HKDC1 immunostaining assessed by estimating the intensity of cytoplasmic staining and assigning it to one of four categories: no staining, weak-positive, moderate-positive, or strong positive staining

**

In the pancreas, the most intense HKDC1 staining was seen in exocrine tissue; pancreatic islet cells of the endocrine system exhibited weak intensity staining

HKDC1 contains hexokinase activity

Considering the significant sequence homology to HK1, it was assumed that HKDC1 functions similarly to the known HKs. Assessment of the amino acid sequence of HKDC1 in comparison with other HKs demonstrated the presence of conserved amino acid residues in the N- and C-terminal domains that are predicted to be necessary for glucose and ATP-binding [12]. The presence of these residues suggests that HKDC1 may function as a hexokinase. To test this hypothesis, Guo et al. [15] transduced INS-1 rat pancreatic β-cells with adenovirus containing HKDC1 from a human cytomegalovirus promoter, then assessed hexokinase activity from cell lysates utilizing different concentrations of glucose. At baseline, INS-1 cells contain minimal detectable low Km hexokinase activity. While the expression of the other HKs were unaffected by expression of HKDC1, the authors found that adenovirus-HKDC1 treated INS-1 cells resulted in significantly elevated HKDC1 protein and enhanced hexokinase activity across the range of glucose concentrations utilized. Furthermore, the shift in dose-response curve suggested that HKDC1 has a lower Km than GK. Together, these findings suggested that HKDC1 contributes to cellular HK activity through either direct HK activity or modulation of the activity of the other HKs. To determine more specifically if HKDC1 has intrinsic HK activity, the authors purified HKDC1 and utilizing a hexokinase assay in vitro found that HKDC1 contained 20% of the specific activity of HK1 under the same conditions. Taken together, these studies indicated that HKDC1 is a widely expressed fifth HK, fueling interest in understanding the function of HKDC1 in metabolism.
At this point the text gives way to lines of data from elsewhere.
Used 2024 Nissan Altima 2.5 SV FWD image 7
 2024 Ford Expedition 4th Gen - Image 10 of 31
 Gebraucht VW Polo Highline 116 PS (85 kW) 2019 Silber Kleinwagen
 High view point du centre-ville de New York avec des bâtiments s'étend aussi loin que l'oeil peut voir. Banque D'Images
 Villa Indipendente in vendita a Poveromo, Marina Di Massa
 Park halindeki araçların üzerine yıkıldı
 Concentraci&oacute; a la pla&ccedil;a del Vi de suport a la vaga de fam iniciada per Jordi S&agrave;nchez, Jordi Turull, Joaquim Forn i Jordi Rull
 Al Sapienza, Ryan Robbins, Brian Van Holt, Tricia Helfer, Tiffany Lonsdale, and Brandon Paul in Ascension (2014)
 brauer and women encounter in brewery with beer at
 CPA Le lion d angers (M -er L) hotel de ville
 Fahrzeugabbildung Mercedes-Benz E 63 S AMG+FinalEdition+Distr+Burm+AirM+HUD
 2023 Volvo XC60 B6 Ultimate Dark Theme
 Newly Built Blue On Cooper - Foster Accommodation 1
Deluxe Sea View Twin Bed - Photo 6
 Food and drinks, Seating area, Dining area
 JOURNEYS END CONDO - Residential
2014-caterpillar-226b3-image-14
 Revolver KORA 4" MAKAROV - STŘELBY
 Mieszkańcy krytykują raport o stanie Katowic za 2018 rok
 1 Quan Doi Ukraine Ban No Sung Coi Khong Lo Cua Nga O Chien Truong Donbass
Genetic Variations of HKDC1 in Human Disease

Although the role of HKDC1 as a canonical hexokinase was initially debated, it was believed that its potential for physiological impact was likely, since HKDC1 is both highly conserved between vertebrate species and is expressed in a multitude of human tissues [12]. Since then, multiple large-scale genetic studies have uncovered significant associations between genetic variations in HKDC1 and disease phenotypes.

The first breakthrough in determining HKDC1 functionality occurred when several gene variants in HKDC1 were identified to be in association with maternal glucose metabolism during a large-scale genome-wide association study (GWAS) investigating the genetic architecture underlying glycemic traits during pregnancy [16]. Specifically, the Hyperglycemia and Adverse Pregnancy Outcomes (HAPO) Study sought to examine the genetic variation associated with glycemic traits during pregnancy in women of various ethnic backgrounds [17,18]. Utilizing a subset of participants in the main study, Hayes et al. [16] examined DNA samples and phenotypic data from four different ancestry populations, and cohort-specific and meta-analyses of genome-wide single nucleotide polymorphism (SNP) data were conducted to identify common genetic variants associated with glycemic traits, including maternal fasting plasma glucose and C-peptide levels, and one- and two-hour plasma glucose levels measured during an oral glucose tolerance test. The locus with the strongest association in the GWAS was 2-hour plasma glucose (2HPG) with region 10q22.1 – just upstream of the first intron of HKDC1.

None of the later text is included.